Norfolk, UK, is no stranger to Hollywood. The North Norfolk coast, Holkham Hall and beach, Norwich Cathedral, Elm Hill and city centre, Blickling Hall, Heydon and King’s Lynn are among popular locations. Gwyneth Paltrow in Shakespeare in Love, Pierce Brosnan as 007, Keira Knightley as The Duchess, Natalie Portman, Jane Fonda, Sophia Loren, Elizabeth Taylor and Julie Christie have all filmed here.

This is by no means an exhaustive list, but gives you some of our top film and TV locations…

Norwich

As Alan Partridge lives in Norwich, it’s only right his major film breakthrough in Alpha Papa (2015) was actually filmed in the city, on the Dereham Road (singing along to Roachford) and St Peter’s Street, outside City Hall.

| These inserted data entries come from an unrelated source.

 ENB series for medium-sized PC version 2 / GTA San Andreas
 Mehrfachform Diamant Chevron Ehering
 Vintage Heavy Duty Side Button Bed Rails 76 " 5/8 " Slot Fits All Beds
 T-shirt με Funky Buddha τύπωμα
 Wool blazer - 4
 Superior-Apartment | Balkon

And after a campaign supported by, literally, tens of people, the call to premiere the film at ‘Anglia Square not Leicester Square’ was won! Anglia Square being in Norwich and having a cinema. You see what they did there? What do you mean Alan Partridge’s not real?

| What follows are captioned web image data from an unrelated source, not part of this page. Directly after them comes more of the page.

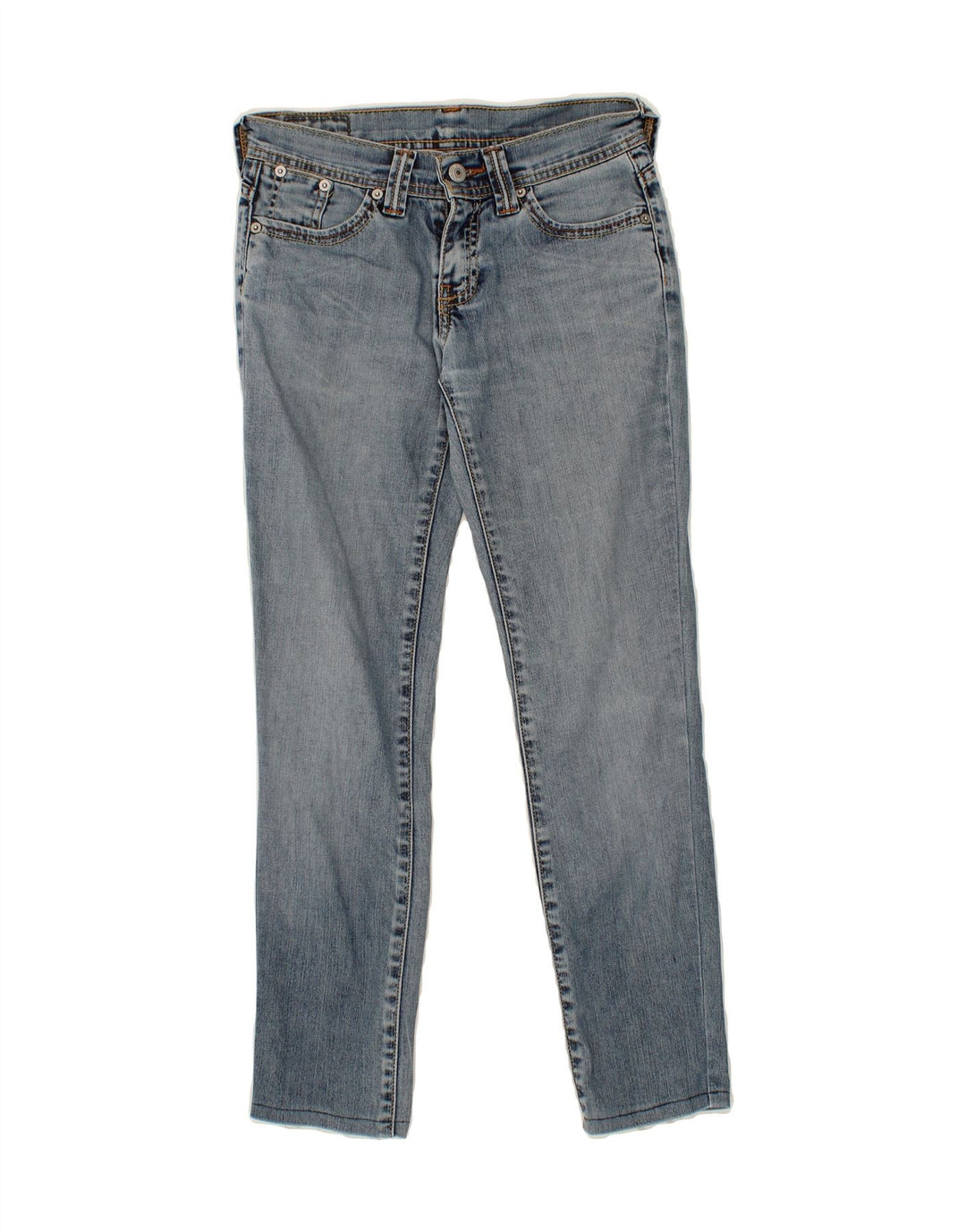 LEVI'S Womens Slim Jeans W27 L26  Blue Cotton Vintage Levi's and Second-Hand Levi's from Messina Hembry 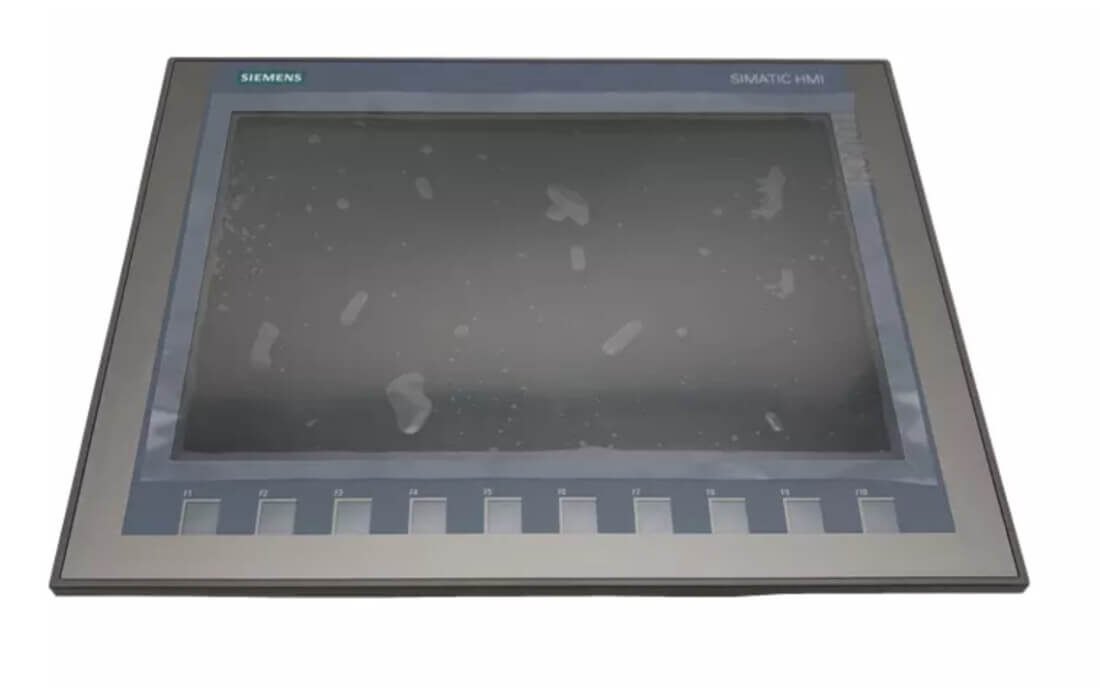 Siemens 6AV2123-2MB03-0AX0 Simatic HMI Touchscreen Panel KTP 1200 12 Inches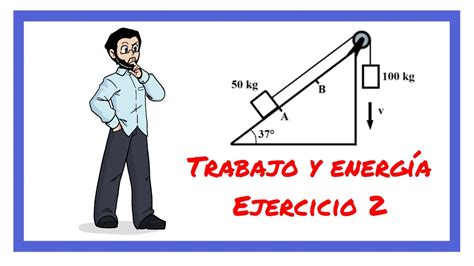 Trabajo y energía Ejercicio 2 YouTube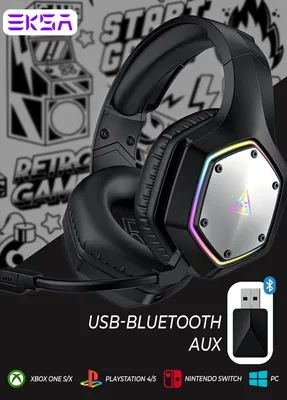 Игровые наушники с подсветкой, геймерские с микрофоном купить по низким  ценам в интернет-магазине Uzum (854637)
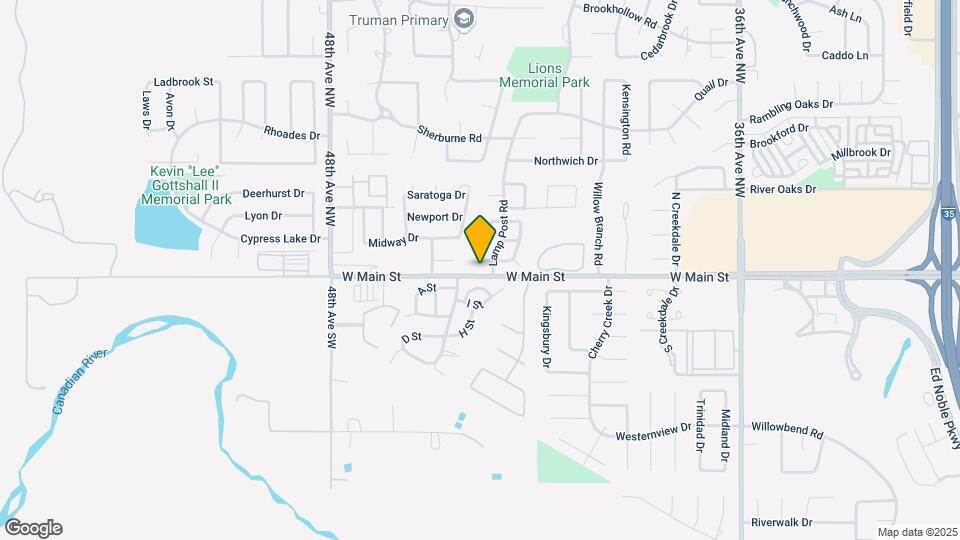 4306 Harvard Rd Map and Location Details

Norman Foster’s futuristic Sainsbury Centre of Visual Arts at the University of East Anglia played the Upstate New York HQ of Marvel’s Avengers in Age of Ultron (2015) starring Robert Downey Jr and Chris Evans, Ant-Man (2015) with Paul Rudd and Spiderman: Homecoming (2017) with Tom Holland.

The city didn’t have to come to a standstill for 45 Years (2015), starring Charlotte Rampling and Tom Courtenay, the filming was done secretly so those ‘extras’ outside Jarrolds’ Department Store are genuine shoppers! Other city locations were London Street, St Benedict’s, the Royal Arcade and the Assembly Rooms.

Andrew Haigh’s rave-reviewed drama about an ageing couple whose marriage hits the rocks also featured the Norfolk Broads. Rampling and Courtenay jointly won the best acting prize at the Berlin Film Festival.

Elm Hill was an important location in the fantasy adventure Stardust (2007), starring Clare Danes, Robert de Niro, Michelle Pfeiffer and Sienna Miller. With the addition of a thatched awning, The Briton’s Arms coffee shop was transformed into ‘The Slaughtered Prince’.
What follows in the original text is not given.